3780 words, short story
Our Fate, Told in Photons
We were seventy-seven when the Pleiades burned out. As the seventh daughters of a seventh daughter, it seemed almost poetic that this was what Fate had in store for us.
Yes, I said daughters. Plural. Casto came first, but she wasn’t breathing. I came second, and I was shrieking—gulping air like a parched man fresh from the desert. My tiny fist clutched her left leg, as if to insist: where she goes, I go. But she, the devilish little thing, she waited until all eyes were on her, until I was cold and alone in my cradle on the far side of the room, before she took her first breath.
If you believed in luck, you might have said we were fortunate. After all, it was only good timing that allowed us both to survive. Had we come along at any other era, in any other place, our family would have buried Casto and found some way to be content with me—stocky, hairy, flat-faced, flat-chested me. Instead, they got both of us to carry on their legacy, which meant they got Casto.
Every family has a legend, a story they share to liven up parties and impress the in-laws. The story, in the Pantazis family’s case, was a prophecy passed down from antiquity: one day, a seventh daughter would have a seventh daughter of her own, and that little girl would grow up to be the woman who watched the stars die twice. The original meaning of this prediction, if it had ever been clear, was lost to time. The prevailing theory, though, was that the seventh daughter of a seventh daughter would be immortal.
Imagine that: immortality. You can’t. It’s humanly impossible. We can imagine living a particularly long time—decades, centuries, maybe even an eon or two—but to be truly immortal, to wake and wake and wake without ending, past the time when all the stars have long since fallen? That’s inconceivable.
But the idea of immortality, the drive toward it, is part of the human experience. When someone tells you that your blood, your bone and grit and stardust, has the chance to live past the end of forever? You either latch onto that, or you run screaming from it.
The Pantazis family sunk their teeth into the teat of that prophecy and held on until it had been sucked down to a dry and dusty legend. They produced seventh daughters upon seventh daughters upon seventh daughters, but never enough in a row or in the right order. Something was always just a little off, but that’s the way it always goes with kismet.

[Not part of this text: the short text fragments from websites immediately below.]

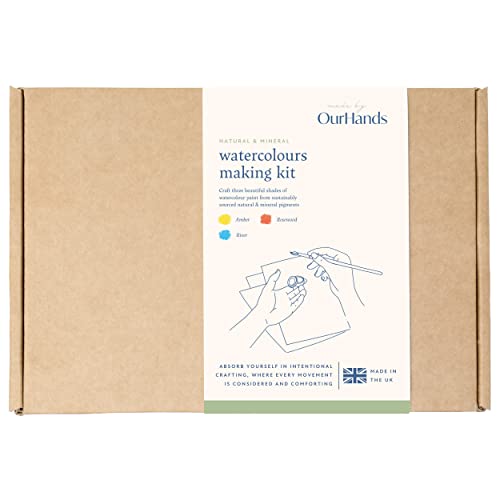 Watercolours Making Kit By Ourhands - Make Your Own Watercolour Paints From Natural And Mineral Pigments #TOP3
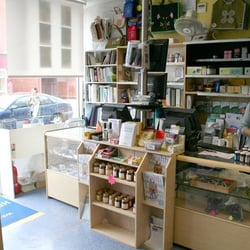 Healthlink - Our shop inside showing part of our range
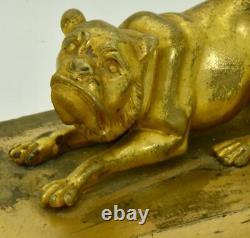 Sculpture de chien antique impérial russe en bronze doré par Vasily Grachev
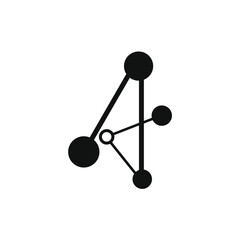 triangular shape molecular structure drawing
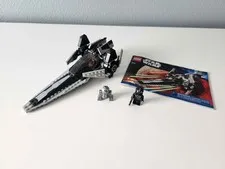 LEGO Star Wars: Imperial V-Wing Starfighter (7915) W/ Instructions & Minifigures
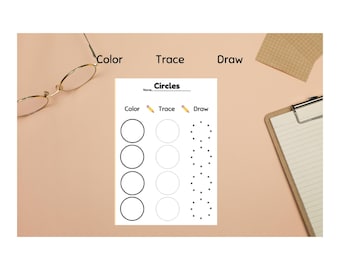 Printable Preschool Fine Motor Skills Bundle | Tracing, Coloring | Occupational Therapy Worksheets PDF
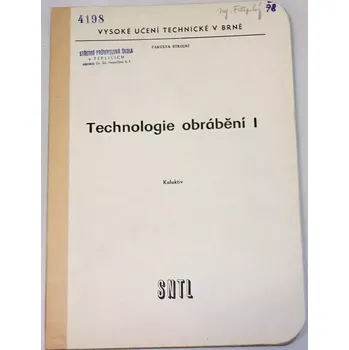 Technologie obrábění I.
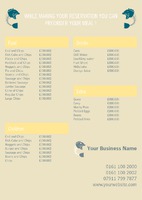 Restaurant A5 Leaflets by Templatecloud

Then we came along—Callisto and Pallas, Casto and Pall for short, the ones who would live forever. I wasn’t the child they were looking for. Casto was, but the family jury was still out on which of us—the one born first but dead, or the one born second but alive—was the actual prophesied child. They decided to cut their losses and raise us both as if we were the chosen ones.
I sometimes wonder what would have happened if Casto hadn’t come back to us. Could our family have been satisfied with me, or would they have let me slip away with my sister, to die as another failed attempt at grasping eternity?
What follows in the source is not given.